Nick Lalonde, a 23-year-old bricklayer from London, Ont., was killed in the Oct. 11, 2013 incident at a construction site at 185 King St. North in Waterloo, Ont. He fell several storeys onto a scaffold after being hit by a skid of bricks that the crane was lifting, according to reports from the Waterloo Region Record and CTV News.
Following a three-day inquest, the jury made its recommendations Jan. 29. Eleven of the recommendations were directed at Ontario’s Ministry of Labour. They included hiring more inspectors, increasing the number of “proactive” inspections of construction sites, conducting a crane safety blitz, and including crane operation and signalling in training, the Record reported.

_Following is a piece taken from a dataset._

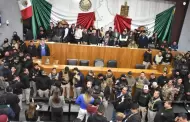 VIDEO Revientan sesin del Congreso de Nuevo Len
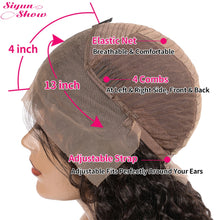 Load image into Gallery viewer, 250 Density Frontal HD Transparent Lace Wigs Body Wave Lace Front Human Hair Wigs Black Natural Body Wave Wig - promboutiqueonline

The jury also made recommendations of Maison Canada, the main contractor, such as to develop a health and safety policy that includes disciplinary measures. The jury recommended that subcontractor Central Construction, which did the brickwork, also develop a health and safety policy with disciplinary measures.
The Record reported that the victim’s mother, Julie Lalonde, had said in a statement before the jury gave its recommendations that her son’s death could have been prevented “with more strict safety measures in place and most importantly enforced by the persons who employed my son.”
Maison Canada Holdings Ltd. was earlier fined $120,000 in the matter after pleading guilty to safety violations. Central Construction was fined $90,000. Both companies were also assessed a 25 per cent mandatory victim surcharge.
At the inquest, the jury heard that Lalonde “had no place to fasten a security rope and workers signalling the crane operator were not properly trained,” the Record reported. An earlier report from the ministry said Lalonde was trained in fall-protection but was not wearing any fall-protection equipment at the time.
The coroner’s jury also heard that Lalonde and others had expressed safety concerns about the site, CTV News reported.
According to an earlier news release from the Ministry of Labour, the crane had lifted the skid, which carried blocks weighing about 3,500 pounds, to the roof and placed it onto wood planking. The skid was placed at an angle, causing a potential hazard. So the workers decided to re-strap the load, lift it up and out, and re-land it flat on the roof, the ministry reported.
“The load then suddenly propelled toward an exterior parapet wall that surrounded the roof top,” the report said.
“The young worker was situated between the parapet wall and the skid of blocks; the worker hung on to the skid of blocks, which proceeded to trolley out, and crashed through the exterior parapet wall, knocking the worker from the roof top,” the report added.